I know, I know. It’s fall and here I am posting something about a summery salad. So sue me. I’m holding on to the last of summer with all I’ve got and that means eating all the summer food I can find at farmer’s market before it is all gone. So hold your horses…posts about apples and beets and potatoes will all be coming soon. For now, let’s all close our eyes and taste the bittersweet end of summer.

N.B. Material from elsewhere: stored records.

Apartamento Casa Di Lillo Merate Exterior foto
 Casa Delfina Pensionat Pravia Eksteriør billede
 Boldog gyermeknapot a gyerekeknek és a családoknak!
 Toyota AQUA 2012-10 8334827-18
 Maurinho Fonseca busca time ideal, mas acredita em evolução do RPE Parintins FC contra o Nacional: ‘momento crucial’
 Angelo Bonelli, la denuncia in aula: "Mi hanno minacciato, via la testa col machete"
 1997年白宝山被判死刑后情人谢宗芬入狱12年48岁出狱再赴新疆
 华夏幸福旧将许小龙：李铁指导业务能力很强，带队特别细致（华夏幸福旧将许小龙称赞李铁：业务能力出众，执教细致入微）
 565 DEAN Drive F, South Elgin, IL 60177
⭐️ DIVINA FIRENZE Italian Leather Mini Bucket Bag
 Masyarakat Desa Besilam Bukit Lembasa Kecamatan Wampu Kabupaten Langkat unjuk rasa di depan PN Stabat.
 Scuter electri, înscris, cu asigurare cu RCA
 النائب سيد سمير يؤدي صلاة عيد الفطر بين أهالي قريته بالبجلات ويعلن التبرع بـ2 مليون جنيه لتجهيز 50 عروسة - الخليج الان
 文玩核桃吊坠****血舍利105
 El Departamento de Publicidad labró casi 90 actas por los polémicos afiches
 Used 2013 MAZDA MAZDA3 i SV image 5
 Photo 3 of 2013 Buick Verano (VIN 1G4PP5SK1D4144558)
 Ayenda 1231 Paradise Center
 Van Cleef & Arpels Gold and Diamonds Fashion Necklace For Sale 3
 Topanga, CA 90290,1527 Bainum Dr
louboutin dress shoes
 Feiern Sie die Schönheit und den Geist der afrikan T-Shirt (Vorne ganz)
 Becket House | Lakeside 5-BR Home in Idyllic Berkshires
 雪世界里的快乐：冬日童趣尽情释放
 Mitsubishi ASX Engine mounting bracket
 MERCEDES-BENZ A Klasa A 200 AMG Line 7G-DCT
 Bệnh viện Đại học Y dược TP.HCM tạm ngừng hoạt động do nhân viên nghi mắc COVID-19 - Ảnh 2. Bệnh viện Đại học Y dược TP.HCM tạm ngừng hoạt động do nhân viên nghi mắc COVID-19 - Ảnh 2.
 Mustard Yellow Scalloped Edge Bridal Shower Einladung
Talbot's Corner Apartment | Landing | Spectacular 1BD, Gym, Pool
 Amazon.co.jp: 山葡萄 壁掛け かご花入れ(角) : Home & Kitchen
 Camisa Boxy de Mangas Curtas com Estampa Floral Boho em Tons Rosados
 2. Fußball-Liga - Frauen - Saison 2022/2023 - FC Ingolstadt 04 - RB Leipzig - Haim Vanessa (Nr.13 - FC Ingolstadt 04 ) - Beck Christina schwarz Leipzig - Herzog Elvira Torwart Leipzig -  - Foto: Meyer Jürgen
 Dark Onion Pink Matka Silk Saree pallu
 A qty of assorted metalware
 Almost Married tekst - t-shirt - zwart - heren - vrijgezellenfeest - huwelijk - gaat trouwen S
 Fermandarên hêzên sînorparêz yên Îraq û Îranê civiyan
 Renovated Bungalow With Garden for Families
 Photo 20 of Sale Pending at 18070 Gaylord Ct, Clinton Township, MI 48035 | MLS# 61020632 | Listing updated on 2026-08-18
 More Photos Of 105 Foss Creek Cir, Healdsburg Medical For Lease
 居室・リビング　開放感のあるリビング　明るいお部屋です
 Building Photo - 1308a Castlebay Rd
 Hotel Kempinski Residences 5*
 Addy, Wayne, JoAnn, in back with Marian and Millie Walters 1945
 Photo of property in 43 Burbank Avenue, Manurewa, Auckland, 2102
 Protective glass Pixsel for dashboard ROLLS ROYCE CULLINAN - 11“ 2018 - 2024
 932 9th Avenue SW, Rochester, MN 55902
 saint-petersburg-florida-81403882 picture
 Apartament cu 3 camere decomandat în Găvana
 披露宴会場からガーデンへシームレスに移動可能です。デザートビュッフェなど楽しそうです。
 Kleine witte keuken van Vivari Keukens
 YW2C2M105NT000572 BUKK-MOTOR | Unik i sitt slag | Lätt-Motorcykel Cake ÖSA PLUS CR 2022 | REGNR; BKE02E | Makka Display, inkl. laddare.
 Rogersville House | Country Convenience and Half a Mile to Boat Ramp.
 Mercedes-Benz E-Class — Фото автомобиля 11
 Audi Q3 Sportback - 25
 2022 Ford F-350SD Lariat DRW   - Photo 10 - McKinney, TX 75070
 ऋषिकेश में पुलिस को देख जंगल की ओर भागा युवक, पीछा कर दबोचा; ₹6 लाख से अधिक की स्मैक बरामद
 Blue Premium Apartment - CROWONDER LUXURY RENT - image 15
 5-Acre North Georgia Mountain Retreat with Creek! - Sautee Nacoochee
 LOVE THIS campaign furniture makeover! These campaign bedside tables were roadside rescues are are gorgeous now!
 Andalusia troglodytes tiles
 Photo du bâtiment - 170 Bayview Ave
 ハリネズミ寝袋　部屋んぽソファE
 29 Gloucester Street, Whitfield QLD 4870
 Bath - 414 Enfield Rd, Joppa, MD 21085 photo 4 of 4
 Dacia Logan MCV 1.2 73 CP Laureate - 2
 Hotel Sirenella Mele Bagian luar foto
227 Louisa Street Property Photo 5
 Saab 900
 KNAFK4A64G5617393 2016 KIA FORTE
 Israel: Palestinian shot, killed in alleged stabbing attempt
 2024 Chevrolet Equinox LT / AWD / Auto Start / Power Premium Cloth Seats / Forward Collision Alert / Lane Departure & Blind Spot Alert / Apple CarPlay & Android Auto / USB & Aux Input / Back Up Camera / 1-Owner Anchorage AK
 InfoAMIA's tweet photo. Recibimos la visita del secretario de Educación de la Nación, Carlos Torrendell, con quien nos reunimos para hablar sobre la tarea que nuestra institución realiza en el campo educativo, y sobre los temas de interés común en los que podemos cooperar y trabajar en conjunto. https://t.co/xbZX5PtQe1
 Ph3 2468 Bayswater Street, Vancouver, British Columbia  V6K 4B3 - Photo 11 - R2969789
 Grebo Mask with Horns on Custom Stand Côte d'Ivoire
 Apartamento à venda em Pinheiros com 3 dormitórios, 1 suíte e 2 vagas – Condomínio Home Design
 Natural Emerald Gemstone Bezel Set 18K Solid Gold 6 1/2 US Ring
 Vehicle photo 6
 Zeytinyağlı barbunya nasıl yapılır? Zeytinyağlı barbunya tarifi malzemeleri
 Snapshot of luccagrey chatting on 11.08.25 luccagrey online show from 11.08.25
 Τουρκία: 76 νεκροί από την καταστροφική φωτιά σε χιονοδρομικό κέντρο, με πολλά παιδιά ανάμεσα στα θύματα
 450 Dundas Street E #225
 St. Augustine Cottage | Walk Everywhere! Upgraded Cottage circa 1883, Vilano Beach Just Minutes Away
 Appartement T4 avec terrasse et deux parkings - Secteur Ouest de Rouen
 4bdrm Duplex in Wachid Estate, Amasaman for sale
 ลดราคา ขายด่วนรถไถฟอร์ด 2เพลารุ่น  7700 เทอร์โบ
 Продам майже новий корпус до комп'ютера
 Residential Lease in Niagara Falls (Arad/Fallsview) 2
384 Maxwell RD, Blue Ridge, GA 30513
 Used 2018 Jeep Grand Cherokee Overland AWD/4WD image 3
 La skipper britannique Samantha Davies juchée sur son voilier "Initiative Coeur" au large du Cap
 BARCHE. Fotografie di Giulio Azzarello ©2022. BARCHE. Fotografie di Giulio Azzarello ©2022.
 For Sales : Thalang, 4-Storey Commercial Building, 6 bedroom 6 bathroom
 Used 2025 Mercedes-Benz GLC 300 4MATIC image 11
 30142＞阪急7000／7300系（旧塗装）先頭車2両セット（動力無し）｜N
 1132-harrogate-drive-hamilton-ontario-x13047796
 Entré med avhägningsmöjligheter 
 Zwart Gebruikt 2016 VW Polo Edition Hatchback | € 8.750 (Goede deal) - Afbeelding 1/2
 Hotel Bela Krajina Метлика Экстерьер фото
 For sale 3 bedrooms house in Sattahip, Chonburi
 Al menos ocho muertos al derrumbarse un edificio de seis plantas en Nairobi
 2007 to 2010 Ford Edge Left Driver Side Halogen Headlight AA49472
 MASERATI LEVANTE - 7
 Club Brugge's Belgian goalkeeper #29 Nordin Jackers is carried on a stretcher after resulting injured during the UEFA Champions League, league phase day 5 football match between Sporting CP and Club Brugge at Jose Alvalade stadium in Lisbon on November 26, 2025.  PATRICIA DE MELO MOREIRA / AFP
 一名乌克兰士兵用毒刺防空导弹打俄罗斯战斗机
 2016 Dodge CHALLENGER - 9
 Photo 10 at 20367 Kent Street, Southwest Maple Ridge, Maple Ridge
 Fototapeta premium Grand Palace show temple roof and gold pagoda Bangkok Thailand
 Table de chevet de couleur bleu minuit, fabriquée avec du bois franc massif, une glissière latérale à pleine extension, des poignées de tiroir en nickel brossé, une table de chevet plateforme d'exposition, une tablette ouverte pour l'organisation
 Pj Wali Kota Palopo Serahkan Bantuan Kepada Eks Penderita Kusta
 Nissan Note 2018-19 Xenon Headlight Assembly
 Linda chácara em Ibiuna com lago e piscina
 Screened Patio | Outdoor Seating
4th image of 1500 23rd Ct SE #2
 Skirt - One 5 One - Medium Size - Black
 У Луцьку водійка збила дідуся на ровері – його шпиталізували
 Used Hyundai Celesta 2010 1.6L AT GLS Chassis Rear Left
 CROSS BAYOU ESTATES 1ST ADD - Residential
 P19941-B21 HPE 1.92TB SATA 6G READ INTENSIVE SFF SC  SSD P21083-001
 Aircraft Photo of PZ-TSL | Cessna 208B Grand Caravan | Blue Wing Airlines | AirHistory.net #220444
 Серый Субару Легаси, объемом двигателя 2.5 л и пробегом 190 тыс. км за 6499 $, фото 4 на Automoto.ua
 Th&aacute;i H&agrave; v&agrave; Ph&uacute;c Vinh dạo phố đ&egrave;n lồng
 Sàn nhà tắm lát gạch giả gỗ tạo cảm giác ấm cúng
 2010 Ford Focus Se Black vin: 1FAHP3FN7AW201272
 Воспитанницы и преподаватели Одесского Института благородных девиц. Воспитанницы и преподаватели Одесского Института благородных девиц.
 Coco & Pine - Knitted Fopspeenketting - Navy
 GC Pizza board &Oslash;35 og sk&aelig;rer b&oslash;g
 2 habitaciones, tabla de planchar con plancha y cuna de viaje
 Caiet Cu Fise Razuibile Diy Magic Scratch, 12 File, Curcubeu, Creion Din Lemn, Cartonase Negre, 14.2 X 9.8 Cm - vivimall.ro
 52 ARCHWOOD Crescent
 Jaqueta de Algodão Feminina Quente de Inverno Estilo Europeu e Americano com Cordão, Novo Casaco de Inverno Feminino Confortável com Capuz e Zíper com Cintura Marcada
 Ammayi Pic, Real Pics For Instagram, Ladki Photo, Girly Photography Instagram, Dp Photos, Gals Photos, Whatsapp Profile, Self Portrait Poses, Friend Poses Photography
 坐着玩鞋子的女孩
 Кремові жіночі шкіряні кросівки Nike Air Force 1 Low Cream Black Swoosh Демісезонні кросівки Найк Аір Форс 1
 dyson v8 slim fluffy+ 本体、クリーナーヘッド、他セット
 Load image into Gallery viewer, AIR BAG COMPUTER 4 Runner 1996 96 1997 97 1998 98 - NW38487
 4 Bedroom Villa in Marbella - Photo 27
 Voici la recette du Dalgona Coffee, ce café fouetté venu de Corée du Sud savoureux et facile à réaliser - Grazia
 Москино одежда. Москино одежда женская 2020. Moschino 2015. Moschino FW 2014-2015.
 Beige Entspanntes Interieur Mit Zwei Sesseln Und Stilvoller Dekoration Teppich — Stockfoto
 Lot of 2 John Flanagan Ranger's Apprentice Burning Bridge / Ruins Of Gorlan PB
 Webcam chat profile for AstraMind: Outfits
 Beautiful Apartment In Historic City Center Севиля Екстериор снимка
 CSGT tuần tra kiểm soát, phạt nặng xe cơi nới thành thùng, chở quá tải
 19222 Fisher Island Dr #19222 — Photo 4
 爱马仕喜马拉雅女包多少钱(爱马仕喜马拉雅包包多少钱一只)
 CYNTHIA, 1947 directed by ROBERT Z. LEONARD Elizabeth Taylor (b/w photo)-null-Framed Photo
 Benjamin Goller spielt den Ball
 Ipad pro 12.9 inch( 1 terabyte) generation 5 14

Strawberry & Arugula Salad
(adapted from Food Network Magazine)
8-10 cups baby arugula
1 cup strawberries, sliced
1 cup snap peas
1/4 cup feta, crumbled
1 tbsp. dijon mustard
1 tbsp. sugar
2 tbsp. lime juice
1/4 cup orange juice
1/4 cup extra virgin olive oil
1/2 tsp. salt
1/2 tsp. pepper
In a large bowl toss together arugula, strawberries, snap peas and feta. In a small bowl, whisk together dijon, sugar, lime juice, orange juice, olive oil, salt & pepper until sugar is dissolved. Toss a bit of the dressing with the salad, and serve the rest on the side.
I loved this salad, but didn’t really think it was hearty enough for a dinner on its own unless you are a pretty light eater. I suggest cooking up a protein of your choice to serve with it. We went with Italian marinated chicken breasts and it was a tasty partnership.